Ben Davis, Christopher Fitzgerald, Victor Garber,

David Garrison, Kelli O’Hara, and Bryce Pinkham

directed by Ted Sperling

conducted by James Bagwell

January 25 – 26, 2011 at 8pm at Alice Tully Hall

The Collegiate Chorale announces casting for Kurt Weill’s Knickerbocker Holiday, directed by Ted Sperling, performed for two nights in concert version on January 25 and 26, 2011 at 8pm at Alice Tully Hall, 1941 Broadway, NYC. The cast will include Ben Davis, Christopher Fitzgerald, Victor Garber, David Garrison, Kelli O’Hara, and Bryce Pinkham. Ted Sperling will direct and James Bagwell will conduct. Single tickets start at $25 and are available online at, or by phone at (646) 202-9623.

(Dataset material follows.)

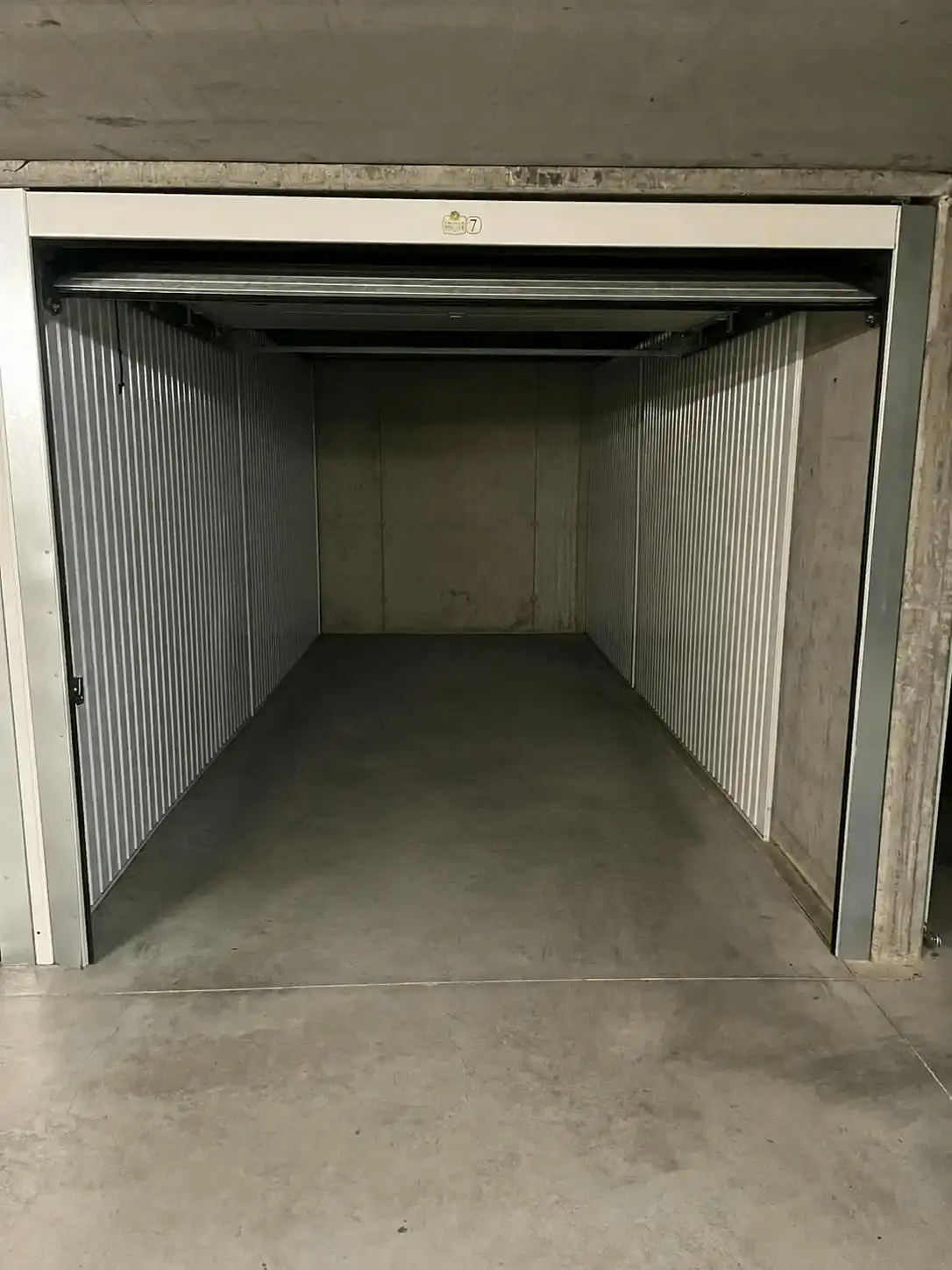 Garagebox te koop in hartje Brugge foto 3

Kurt Weill and Maxwell Anderson teamed up for the first time to create this delightful romantic comedy. First performed in 1938 with Walter Huston in the role of Peter Stuyvesant, the work is one of Weill’s deft hybrid theater pieces which lies somewhere between operetta and musical theater, and also contains bits of political satire. The famous pop standard September Song first appeared in Knickerbocker Holiday. The cast includes Victor Garber as Stuyvesant, Ben Davis as Brom, Bryce Pinkham as Washington Irving, David Garrison as Tienhoven, Kelli O’Hara as love interest Tina, and Christopher Fitzgerald as faithful sidekick Tenpin. The production is directed by Ted Sperling and conducted by James Bagwell with The Collegiate Chorale and the American Symphony Orchestra.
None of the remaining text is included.